In 2009, the first pediatric RCT was published comparing two target thresholds (BG 2.8–4.4 mmol per liter versus insulin to prevent BG from exceeding 11.9 mmol per liter) in 700 critically ill children and found that targeting the lower threshold reduced the duration of PICU stay but caused a much higher rate of hypoglycemia (BG ≤2.2 mmol per liter in 25% vs. 1%) and severe hypoglycemia (BG ≤1.7 mmol per liter in 5% vs. 1%) in the low target group (92). Agus et al. studied 980 children following surgery with cardiopulmonary bypass comparing tight glycemic control (BG 4.4–6.1 mmol per liter) versus standard care. They found that tight control was possible with less frequent episodes of severe hypoglycemia (BG <2.2 mmol per liter in 3% vs. 1%) than previously reported but the outcomes between the groups did not differ significantly (93). Subsequently, the CHiP trial randomized 1,369 PICU patients to a tight glycemic control group (4.0–7.0 mmol per liter) versus a conventional group (target BG <12.0 mmol per liter) and found no significant effect of tight glycemic control on clinical outcomes, though the 12-month costs were lower in the tight control group (94). In 2017, the HALF-PINT trial explored this question again, comparing two BG target ranges (BG 4.4–6.1 mmol per liter vs. BG 8.3–10.0 mmol per liter) in PICU patients from 35 centers. The trial was stopped early as it was deemed to have a low likelihood of benefit and evidence of the possibility of harm (non-significantly higher mortality, increased infection and severe hypoglycemia) in the lower threshold group (95). Strict glycemic control has been extensively studied and has not been shown to confer any significant benefits and is associated with potential harm. Thus, a cautious approach is warranted when considering insulin therapy in critically ill patients.

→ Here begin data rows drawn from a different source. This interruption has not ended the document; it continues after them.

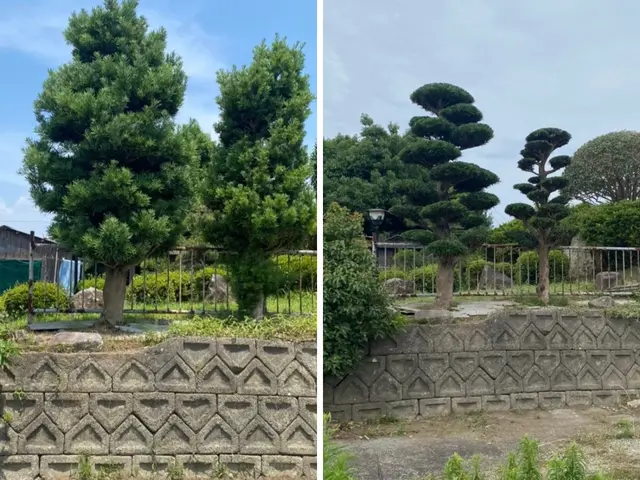 【高所対応可】伸びすぎた庭木をスッキリ剪定｜福岡市東区・糟屋郡対応｜追加料金なしサービスの画像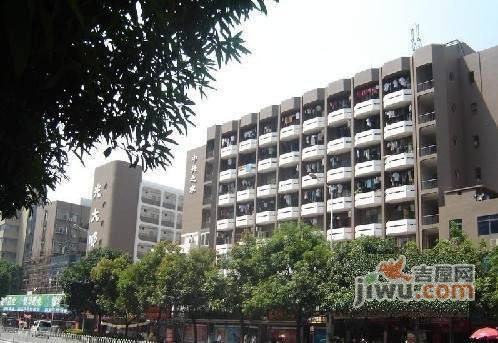 中兴之家实景图图片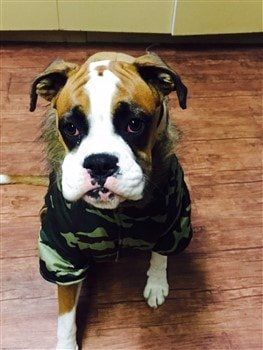 Boxer dog wearing winter coat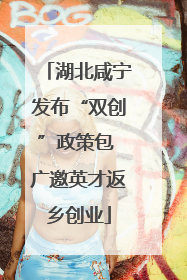 湖北咸宁发布“双创”政策包 广邀英才返乡创业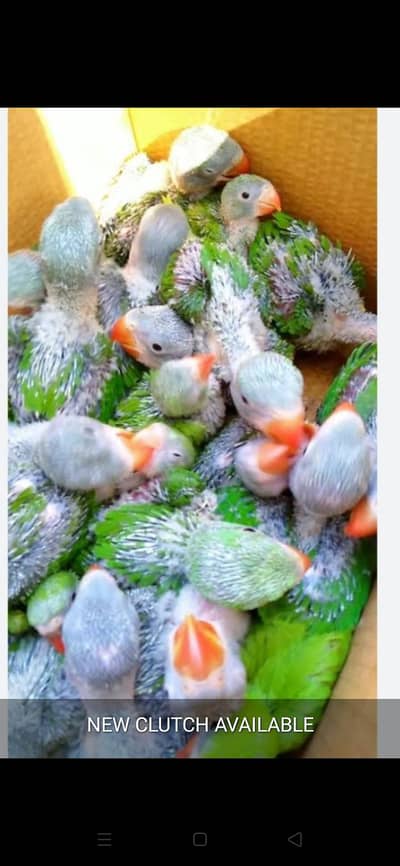 Green Ringneck baby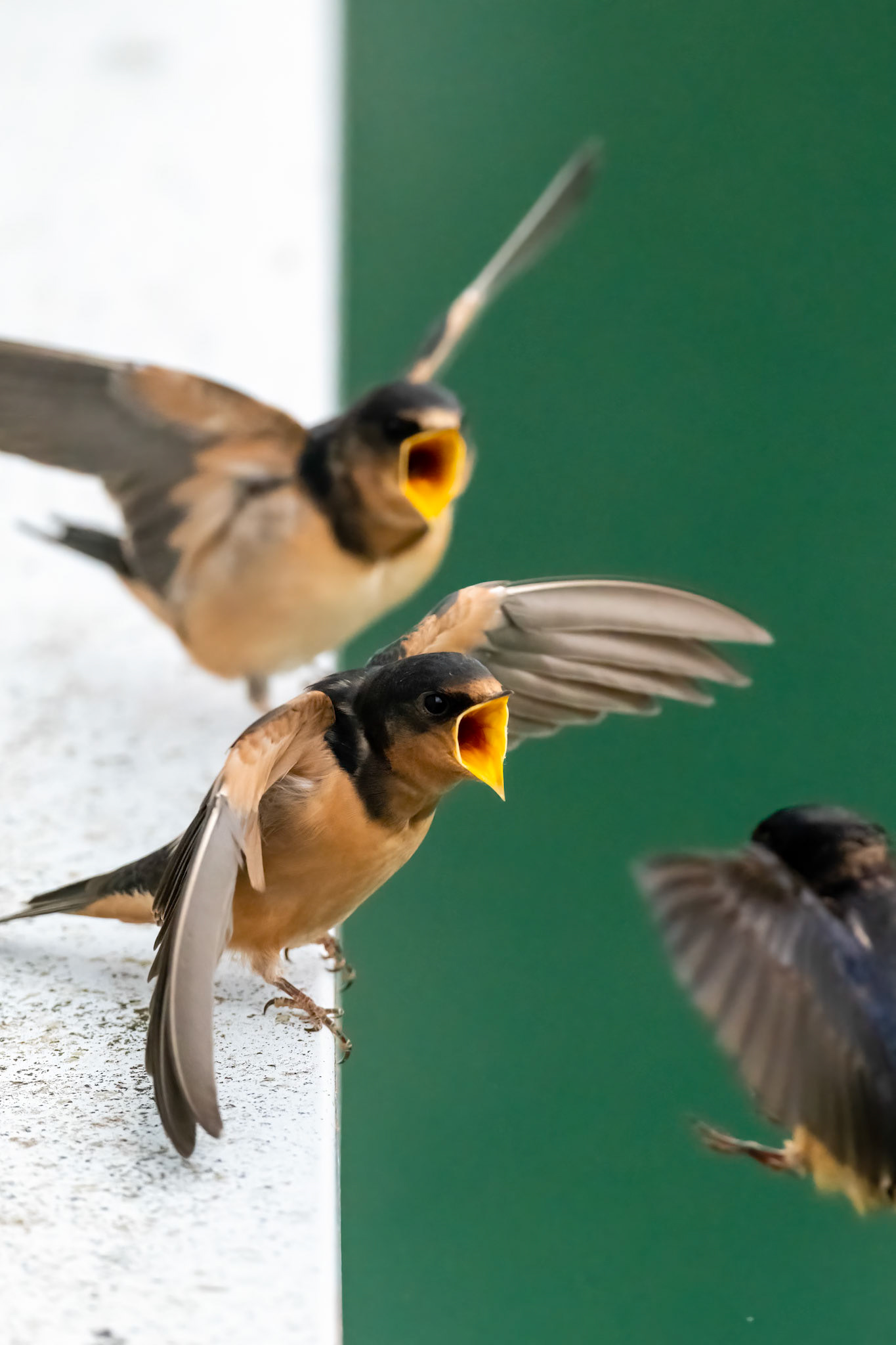 Glacier Bay National Park, AK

Another such therapy that has come under scrutiny is the use of parenteral nutrition (PN). The PEPaNIC trial compared early (within 24 hours of admission) versus late (day 8 of admission) initiation of PN in 1,440 critically ill children and found that the late-parenteral-nutrition group had fewer new infections, shorter duration of mechanical ventilation and earlier live discharge from PICU and hospital (96). Thus, the timing of initiation of PN warrants a thoughtful approach and further studies may be needed to outline the optimal strategy in critically ill children.
Table 1 summarizes the balance of evidence and the accepted clinical practices for the physiologic parameters reviewed.

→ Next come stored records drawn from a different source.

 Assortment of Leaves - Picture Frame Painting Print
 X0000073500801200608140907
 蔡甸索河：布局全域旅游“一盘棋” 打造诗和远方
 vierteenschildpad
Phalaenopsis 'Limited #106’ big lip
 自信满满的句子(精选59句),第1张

The care of critically ill patients involves a balance between the potential harms and benefits of lifesaving interventions and therapies. The goal is to find the optimum point between under and over treatment in an attempt to restore physiologic homeostasis (Figure 1).
Even the basic vital signs lack clear normative data in critically ill pediatric patients and many of the treatment guidelines are not underpinned by rigorous pediatric evidence but rather expert consensus. The goals of intensive care should be fluid with consideration for the pathology of the disease and the adaptive physiology of the patient.

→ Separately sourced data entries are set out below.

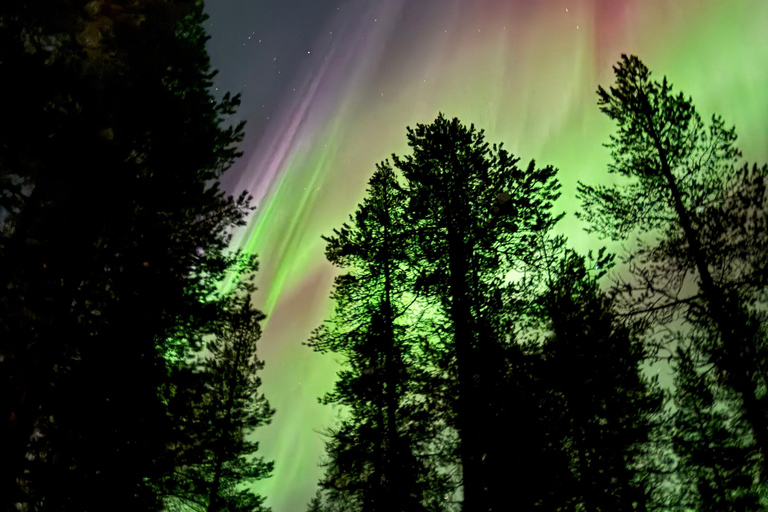 Rovaniemi: Coffee under Northern Lights & Professional Photo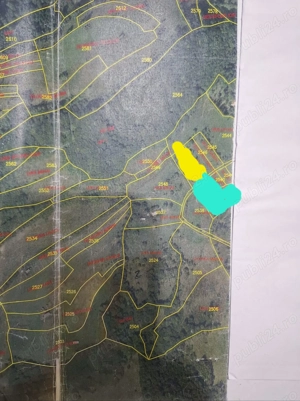 Vând 2 parcele de 4265 mp 2804 mp extravilan Transapuseana, sat Măcărești - imagine 5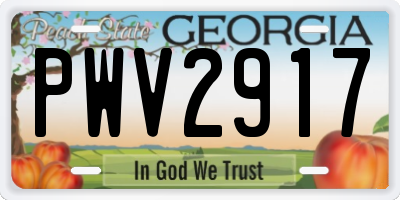 GA license plate PWV2917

Achieving this balance between under and over treatment applies across a wide spectrum of disease severity. In the most severe states of disordered homeostasis, there may be a complete loss of control that no physiologic response can fully contain, such as in cardiac or respiratory arrest. Management of these situations must be centered on vigorous resuscitation to reinitiate oxygen delivery. Even in situations during which cardiopulmonary resuscitation (CPR) is being provided, the literature suggests that over treatment may cause harm and may impede the resuscitation efforts. For example, studies have shown that an increased ventilation rate during CPR leads to higher mean intrathoracic pressure which in turn reduces venous return, cardiac output, coronary perfusion pressure and aortic BP, thereby decreasing the chances of attaining return of spontaneous circulation (97-99).
Furthermore, in clinical situations where despite best efforts to reestablish physiologic homeostasis a favorable outcome is not possible, it is critical to quickly recognize that the goals of care need to shift towards quality end of life care to serve the best interests of our patients and their families. In circumstances where end of life care may be more appropriate, “lifesaving” interventions become ethically complex and may be perceived as excessive or inappropriate by the medical staff or the patient’s families, which may lead to moral distress and burnout. Recent data has shown that situations, in which physicians perceived the care provided to be excessive, were predictive of poor outcomes, including death (100) suggesting that improving the ethical climate in the ICU may ameliorate the quality of end of life care and perhaps improve the moral well-being of the medical staff.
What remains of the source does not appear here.